As an example of the use of facets, `full-time students can take 2 to 6 courses' would be rendered:

full-time students

take: courses | modality: o | quant: 2 to 6

This statement has three facets (separated by `|'), the statement value (courses) plus a modality (optional) and a quantification. If an inconsistent change is made lower in the hierarchy, such as changing the quant to 1, this can be detected in the form of a warning.

Thus, in contrast to some KR systems which would not permit entering an inconsistent statement, CODE4 allows it but can issue a warning, which may be recorded as a flag on the statement that further attention is needed. Later during knowledge reviews, one can ask for all statements flagged with inconsistencies. We have taken this approach because we have found that often as knowledge is emerging, users want to state beliefs that may be inconsistent, and deal with them later, possibly in consultation with others. For our purposes, enforcing literal consistency would prevent many users from entering knowledge at all: imagine if you told someone "you cannot speak unless you are always consistent". CODE4 is intended for capturing knowledge of any quality; hopefully rough knowledge would be later refined.

2.4 Inheritance

In most frame systems, all facets of a slot inherit together. We have found such "slot-as-a-whole" inheritance undesirable in many cases, particularly in two main situations: a) during single inheritance when only a part of a statement is changed (e.g., a change in a comment that should inherit); b) during multiple inheritance, where facets may inherit from different parents so that the statement is a hybrid.

CODE4 uses a built-in inheritance rule for the value facet, since it always inherits. However the value may require combining expressions, e.g., the following inheritance structure can be created using a structure called `both of' (a logical `and' for noun phrases) primitive value combining function:

pets cats:

eat: expensive food eat: fish

pet cats

eat: both of (expensive food, fish)

In `pet cats', the value is a hybrid, i.e., it comes from two parents, and a change at `pets', say, will be reflected in `pet cats'. For the other facets, the user may create various other kinds of inheritance behaviour such as inheritance over `part of' (similar to Cyc's "transfers through") links using block computation (section 2.6). Many frame inheritance systems do not have this flexibility.

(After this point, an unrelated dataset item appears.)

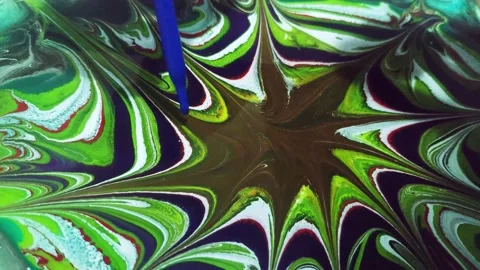 Liquid paint mixing artwork with splash and swirl Stock Footage 165163144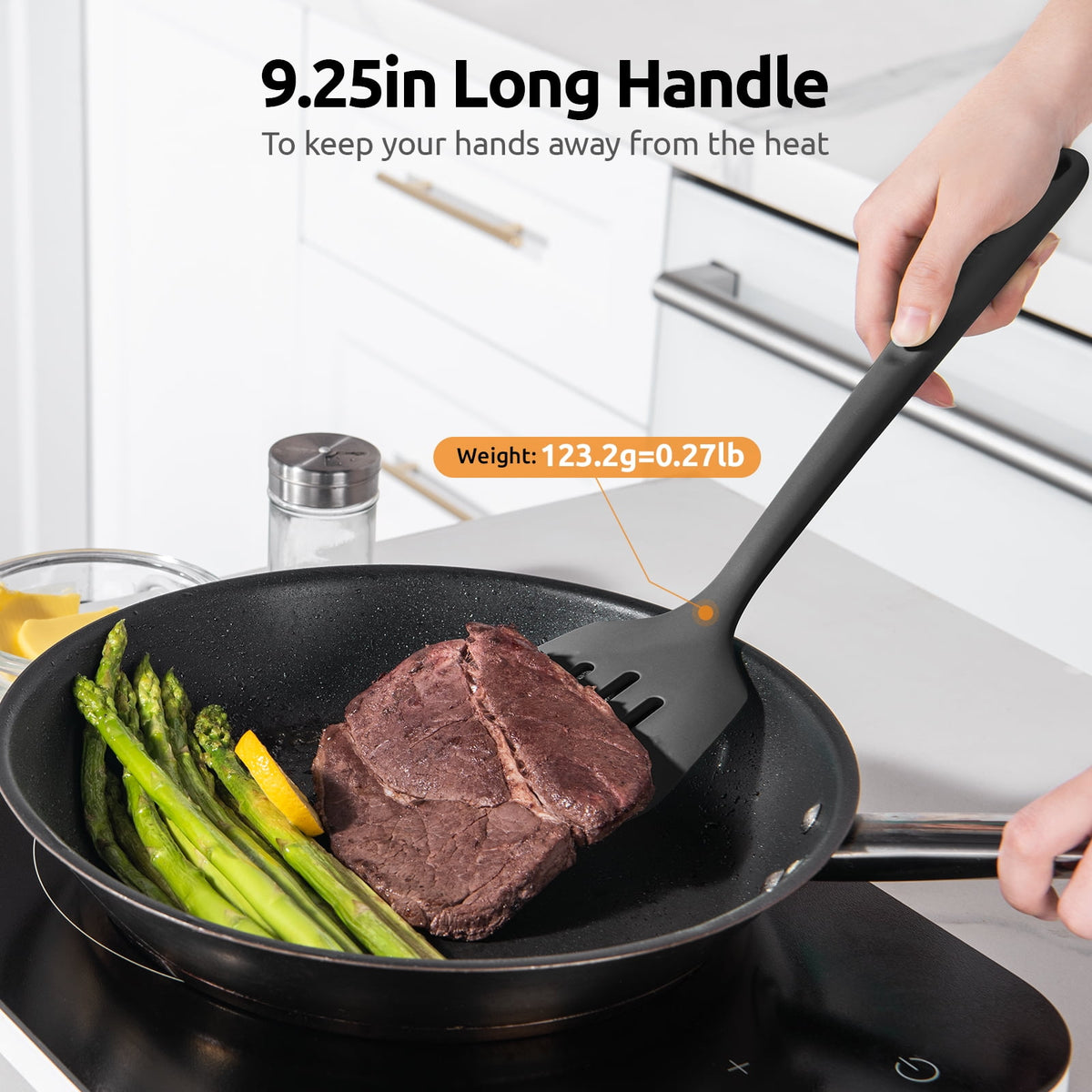 600°F Heat Resistant Slotted Turner: U-Taste 13.6in Silicone Kitchen Spatula Flipper, 3.85in Wide BPA Free Flexible Thin Rubber Cooking Utensil for Egg, Pancake, Cookie in Nonstick Cookware (Black)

2.5 ClearTalk, Formality and Informality

If the user wishes, certain syntactic conventions may be used when entering certain expressions; for example, property values and concept names can be restricted to simple noun, verb, or adjectival phrases. These conventions, termed ClearTalk, have the following benefits:

· They allow a statement value to be interpretable as a reference to other concept(s) and hence to be interpretable or formal in the sense that it refers to another concept, thus permitting certain inferences to be made. If the user has so requested, all statement value expressions entered are parsed and if concept(s) exist that correspond to the expression, pointers are automatically placed in the value, rather than the expression itself. What the users sees is the current name of that concept, i.e., the pointer is followed to the concept(s) and the name(s) is shown. As an example of a trivial but important inference, if a concept is subsequently renamed, a commonly needed operation, all references to it will still exist correctly and the new name will appear everywhere. Few systems support renaming, a critical knowledge managment operation.

· They facilitate consistency checking. For example, if the value of the `children' property for the concept `person' was stated to be `a set of 0 or more children'[9] (a ClearTalk expression), it is easy to check that a consistent refinement of this in a lower concept `parent' would be `a set of 1 or more children'.

· They restrict what the user can say, to prevent unclear phrases or statements.

To be interpretable in the sense described above, a value must be expressed in ClearTalk, but not all ClearTalk expressions are interpretable at present[10]. There are several other ways of creating such values, e.g., editing a relation knowledge map (section 3.6) or pasting concepts directly into a value.

We have found that users of CODE4 typically approach formality incrementally; i.e., they start by typing arbitrary strings into values. As more concepts are added, they review statements and convert them into ClearTalk, or at least something close. More details on incremental formalization can be found in (Lethbridge and Skuce 1992) and additional perspectives supporting these ideas can be found in (Shipman 1992) and (Shipman 1993).

2.6 Block Computation and Delegation

In Smalltalk, a block is the equivalent of a closure in Lisp, i.e., a function plus its environment. One can specify a block as the value of a CODE4-KR statement, however we restrict their syntax to a) allow users unfamiliar with Smalltalk to write blocks and b) ensure that CODE4 is not too dependent on the semantics of Smalltalk, to ensure portability.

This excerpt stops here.